#### Exercise details:
Copy out all of the lines below exactly; the pictures do not belong in the copy.

#### Given material:

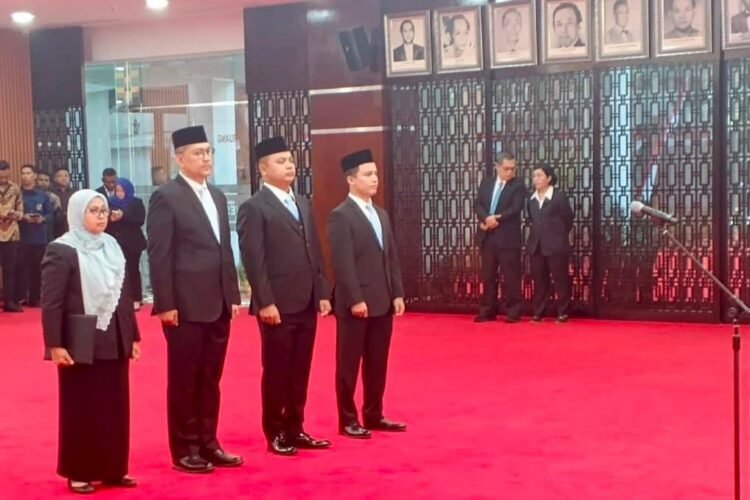 Mawardi Nur Resmi Dilantik sebagai Kepala BPMA, Perkuat Tata Kelola Migas Aceh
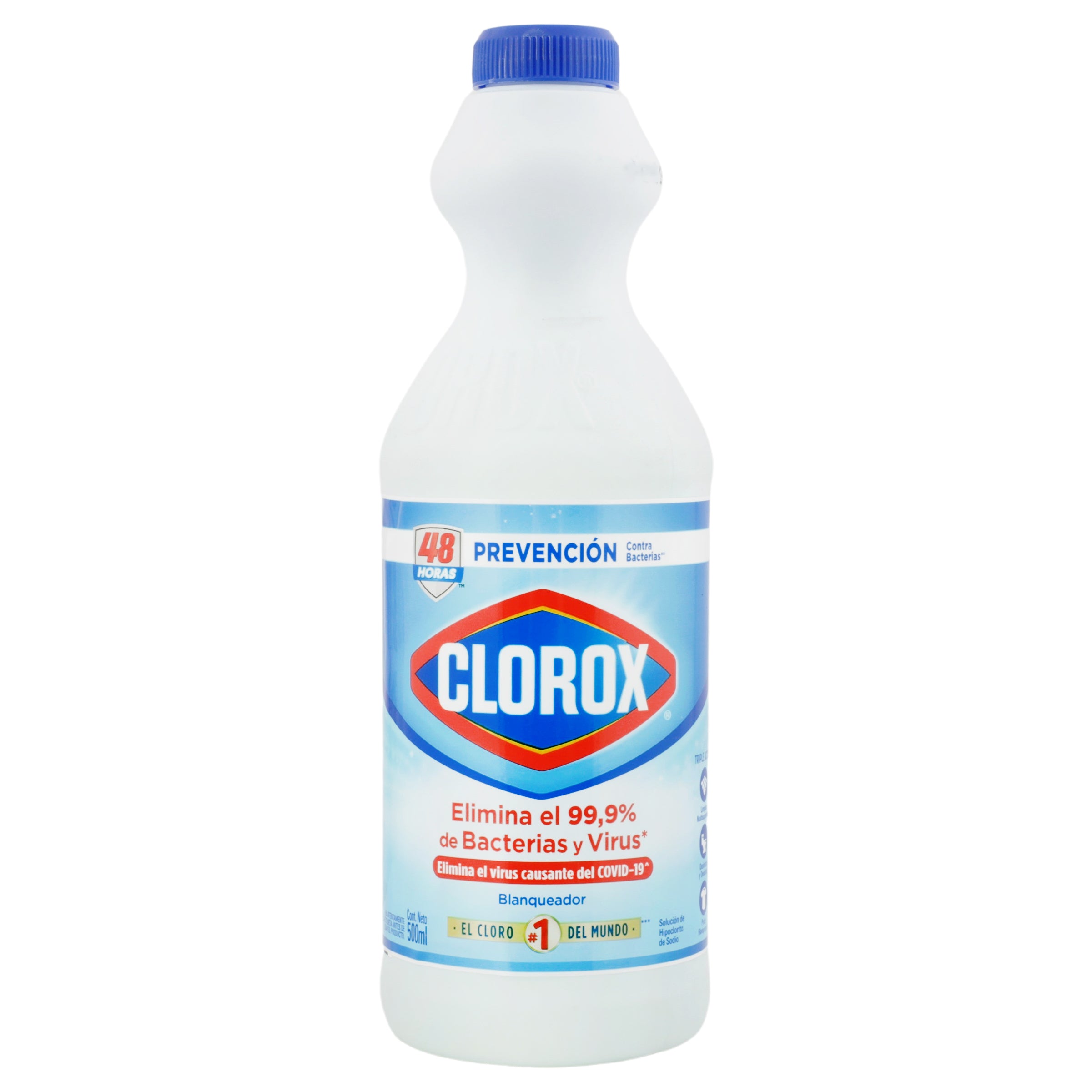 Blanqueador Clorox Regular 500 ml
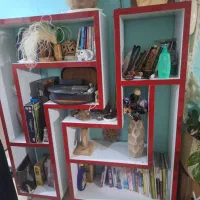 کتابخانه دو تیکه و شیک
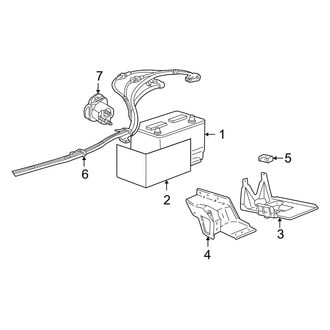 Ford OE - Electrical - Battery (Flex / Gas)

#### Result:
 Mawardi Nur Resmi Dilantik sebagai Kepala BPMA, Perkuat Tata Kelola Migas Aceh
 Blanqueador Clorox Regular 500 ml
 کتابخانه دو تیکه و شیک
 Ford OE - Electrical - Battery (Flex / Gas)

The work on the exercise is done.